Beth Israel Deaconess Medical Center Apr 19, 2017

First comprehensive analysis of medical decision–making statutes in U.S.
A patchwork of state laws can make it confusing to navigate incapacitated patients’ medical wishes. Without clear national standards, the problem may worsen as the nation’s 75 million baby boomers continue to age, according to medical ethics research led by investigators at Beth Israel Deaconess Medical Center (BIDMC), the Mayo Clinic and the University of Chicago’s MacLean Center for Clinical Medical Ethics published in the New England Journal of Medicine.

“Decisions about withdrawing or withholding life–sustaining care are incredibly emotional and challenging,” said Erin Sullivan DeMartino, MD, a pulmonary and critical care medicine physician at Mayo Clinic in Minnesota who led the study as part of a fellowship with the University of Chicago’s MacLean Center for Clinical Medical Ethics. “But when there is ambiguity about who is responsible for decision–making, it adds much more stress to that moment.”

Fewer than 30 percent of Americans have “advance directives” or legal documents outlining their treatment preferences that can also grant someone power to make medical decisions on their behalf.
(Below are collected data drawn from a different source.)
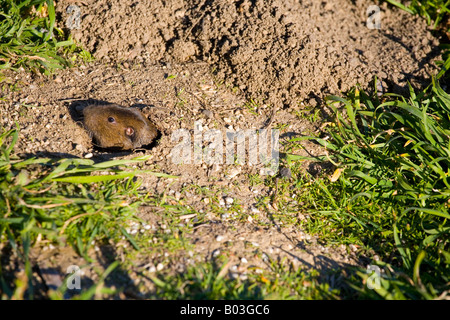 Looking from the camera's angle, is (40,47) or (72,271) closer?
(72,271)

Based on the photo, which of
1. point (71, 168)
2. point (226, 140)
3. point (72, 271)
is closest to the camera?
point (72, 271)

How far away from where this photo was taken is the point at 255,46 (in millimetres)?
3779

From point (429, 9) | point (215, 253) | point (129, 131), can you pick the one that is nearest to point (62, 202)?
point (215, 253)

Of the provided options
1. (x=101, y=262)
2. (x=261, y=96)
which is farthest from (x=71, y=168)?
(x=261, y=96)

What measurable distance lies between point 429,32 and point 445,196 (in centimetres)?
Answer: 219

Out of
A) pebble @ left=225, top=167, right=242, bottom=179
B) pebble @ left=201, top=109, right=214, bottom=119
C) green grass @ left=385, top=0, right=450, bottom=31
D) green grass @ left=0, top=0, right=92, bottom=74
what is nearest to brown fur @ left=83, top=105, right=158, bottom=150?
pebble @ left=201, top=109, right=214, bottom=119

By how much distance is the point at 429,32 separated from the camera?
13.9 ft

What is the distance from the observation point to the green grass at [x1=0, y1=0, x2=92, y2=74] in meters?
3.50

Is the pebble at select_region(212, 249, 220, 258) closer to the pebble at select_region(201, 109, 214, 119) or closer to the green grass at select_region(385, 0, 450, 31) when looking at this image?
the pebble at select_region(201, 109, 214, 119)

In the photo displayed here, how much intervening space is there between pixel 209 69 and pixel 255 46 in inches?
20.1

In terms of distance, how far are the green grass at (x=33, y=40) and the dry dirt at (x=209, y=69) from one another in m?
0.11

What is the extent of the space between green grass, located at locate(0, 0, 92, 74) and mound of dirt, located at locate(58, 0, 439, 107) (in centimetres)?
17

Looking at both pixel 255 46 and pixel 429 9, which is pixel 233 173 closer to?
pixel 255 46

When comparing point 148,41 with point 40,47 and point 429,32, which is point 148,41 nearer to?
point 40,47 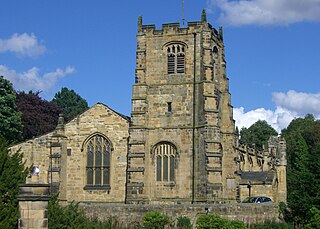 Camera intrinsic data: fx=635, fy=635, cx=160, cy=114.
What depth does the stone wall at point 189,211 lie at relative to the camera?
3816 cm

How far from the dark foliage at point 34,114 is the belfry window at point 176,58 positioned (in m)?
27.5

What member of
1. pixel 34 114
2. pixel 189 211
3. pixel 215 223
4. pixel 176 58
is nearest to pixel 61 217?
pixel 215 223

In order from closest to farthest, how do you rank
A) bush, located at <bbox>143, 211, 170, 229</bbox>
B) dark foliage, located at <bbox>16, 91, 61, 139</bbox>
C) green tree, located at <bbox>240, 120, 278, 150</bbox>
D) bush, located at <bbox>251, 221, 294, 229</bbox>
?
bush, located at <bbox>251, 221, 294, 229</bbox>
bush, located at <bbox>143, 211, 170, 229</bbox>
dark foliage, located at <bbox>16, 91, 61, 139</bbox>
green tree, located at <bbox>240, 120, 278, 150</bbox>

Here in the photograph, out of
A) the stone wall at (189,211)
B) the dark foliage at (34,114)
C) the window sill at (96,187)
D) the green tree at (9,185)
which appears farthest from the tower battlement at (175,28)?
the dark foliage at (34,114)

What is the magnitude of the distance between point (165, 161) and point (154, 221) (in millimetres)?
8186

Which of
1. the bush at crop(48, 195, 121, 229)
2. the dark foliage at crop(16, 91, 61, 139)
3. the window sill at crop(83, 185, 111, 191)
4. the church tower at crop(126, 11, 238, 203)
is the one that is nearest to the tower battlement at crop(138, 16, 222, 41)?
the church tower at crop(126, 11, 238, 203)

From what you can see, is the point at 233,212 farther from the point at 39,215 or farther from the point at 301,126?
the point at 301,126

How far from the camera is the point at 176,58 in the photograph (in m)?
45.8

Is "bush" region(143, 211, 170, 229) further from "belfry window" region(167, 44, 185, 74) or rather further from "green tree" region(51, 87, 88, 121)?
"green tree" region(51, 87, 88, 121)

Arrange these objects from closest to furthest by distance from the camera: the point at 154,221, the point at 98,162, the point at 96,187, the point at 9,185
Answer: the point at 9,185, the point at 154,221, the point at 96,187, the point at 98,162

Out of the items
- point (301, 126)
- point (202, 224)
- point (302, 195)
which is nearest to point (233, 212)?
point (202, 224)

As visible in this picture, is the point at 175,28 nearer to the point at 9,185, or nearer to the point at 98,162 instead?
the point at 98,162

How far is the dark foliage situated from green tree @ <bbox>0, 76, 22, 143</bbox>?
1005cm

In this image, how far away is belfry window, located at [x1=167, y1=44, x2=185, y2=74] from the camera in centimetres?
4569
The documents are often used when a patient is unconscious, incapacitated or unable to speak for himself/herself and can dictate how to treat – or not treat – anything from a minor illness to a life–threatening injury. On average, 40 percent of hospitalized adults can’t make their own medical decisions. In some intensive care units, that figure reaches 90 percent.

For patients without advance directives, most states have laws dictating that medical decisions fall to someone else – typically a spouse, parent or child. But the legal surrogate may not always be someone who understands the patient’s specific values and wishes. That presents both ethical and health care policy problems, researchers say.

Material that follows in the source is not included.